- **PROBLEM REQUIREMENTS**: Could you repeat every line below exactly, skipping the images?

START RECORD EXCERPTS

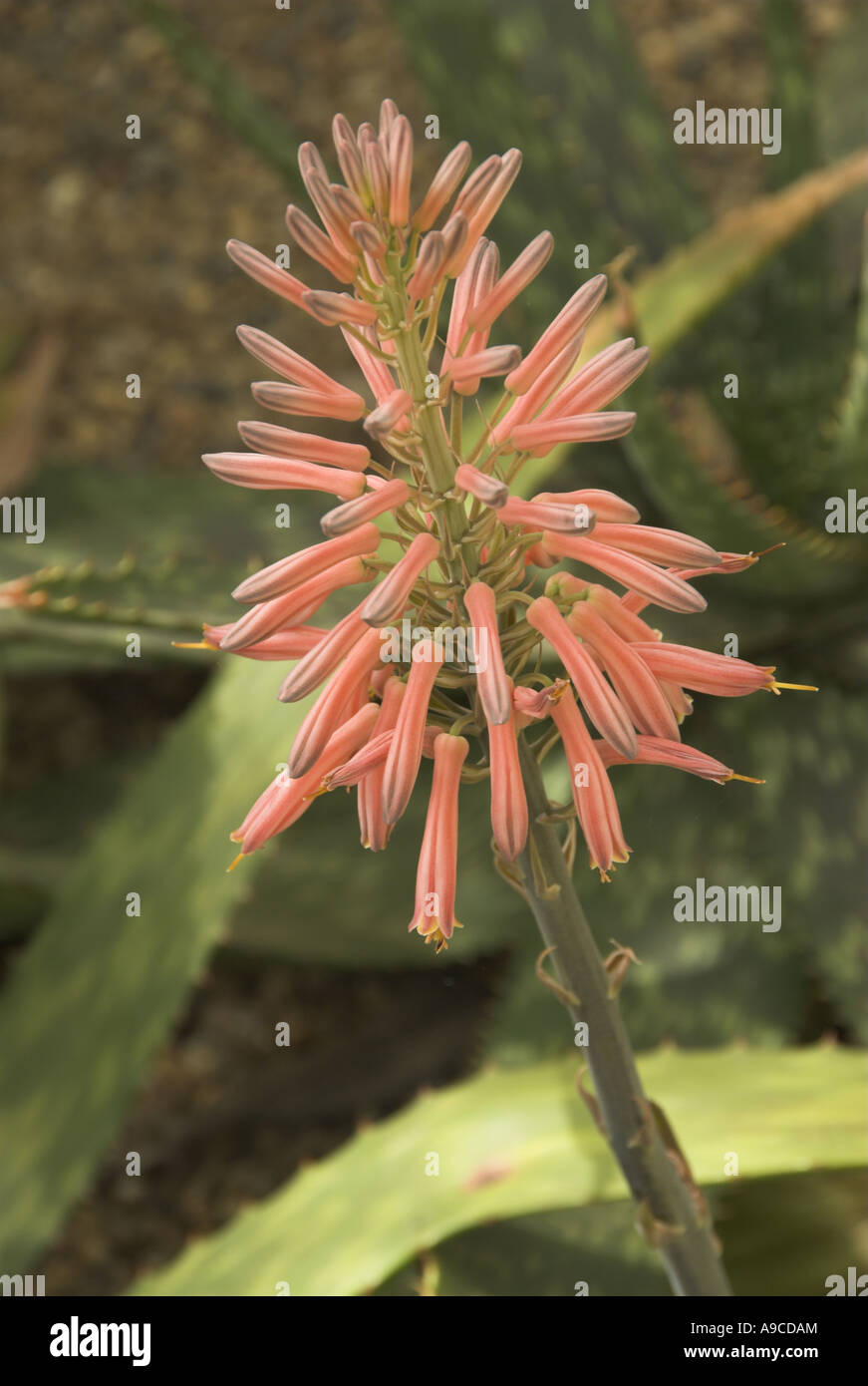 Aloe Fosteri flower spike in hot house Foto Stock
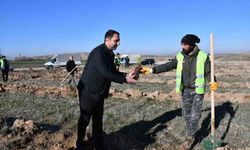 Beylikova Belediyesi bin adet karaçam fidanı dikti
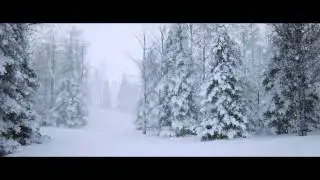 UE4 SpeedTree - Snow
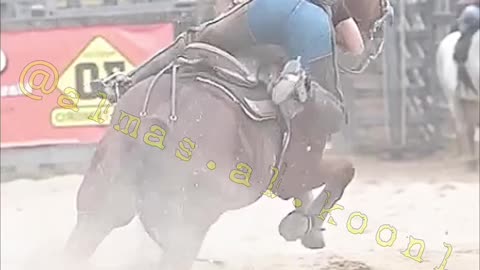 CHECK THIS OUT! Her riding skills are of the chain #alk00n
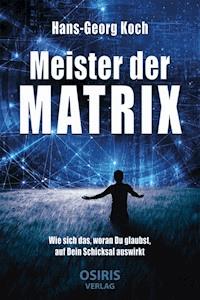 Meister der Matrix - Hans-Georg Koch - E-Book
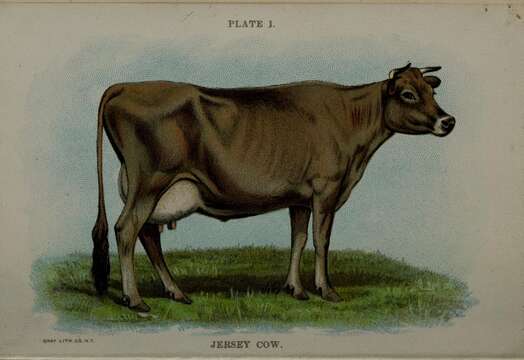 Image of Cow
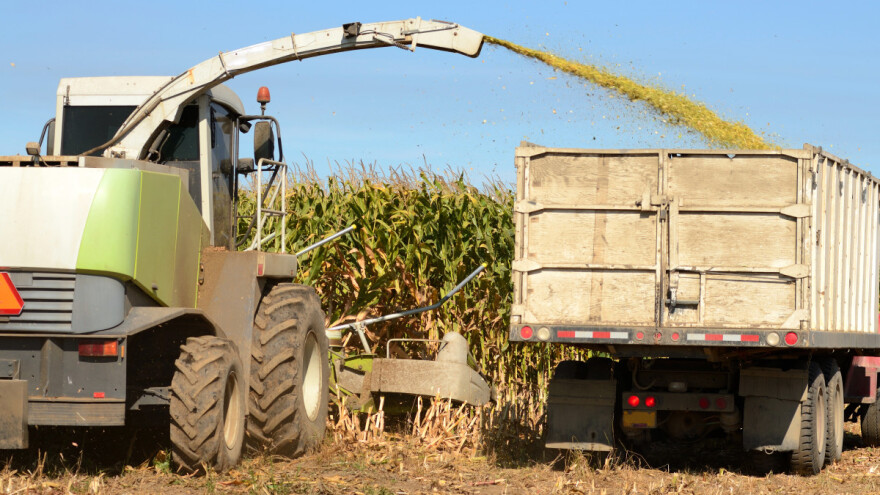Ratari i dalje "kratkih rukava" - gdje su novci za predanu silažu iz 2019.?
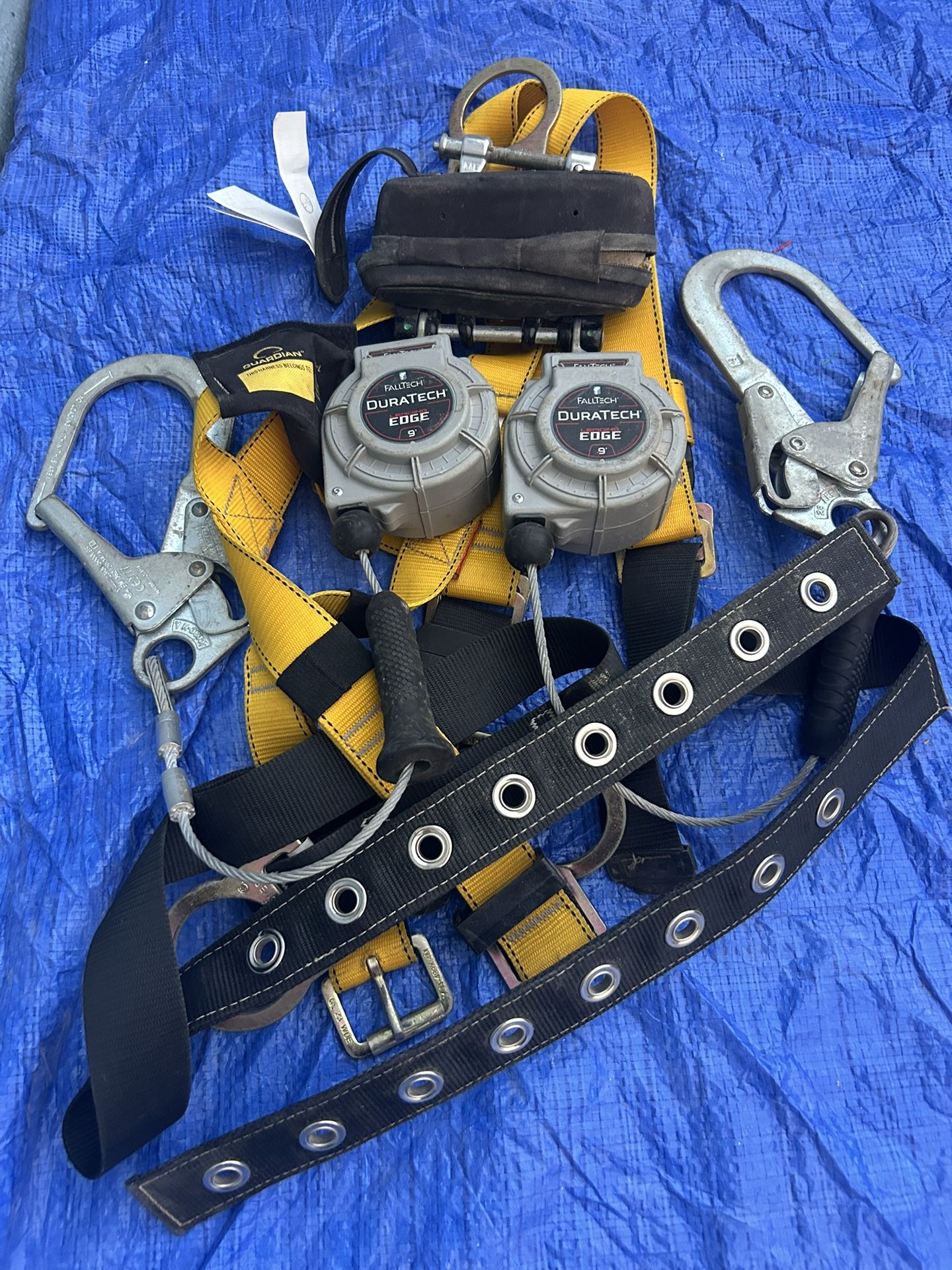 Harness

END RECORD EXCERPTS

- **RESULT BELOW**:
 Aloe Fosteri flower spike in hot house Foto Stock
 Beylikova Belediyesi bin adet karaçam fidanı dikti
 UE4 SpeedTree - Snow
 CHECK THIS OUT! Her riding skills are of the chain #alk00n
 Meister der Matrix - Hans-Georg Koch - E-Book
 Image of Cow
Ratari i dalje "kratkih rukava" - gdje su novci za predanu silažu iz 2019.?
 Harness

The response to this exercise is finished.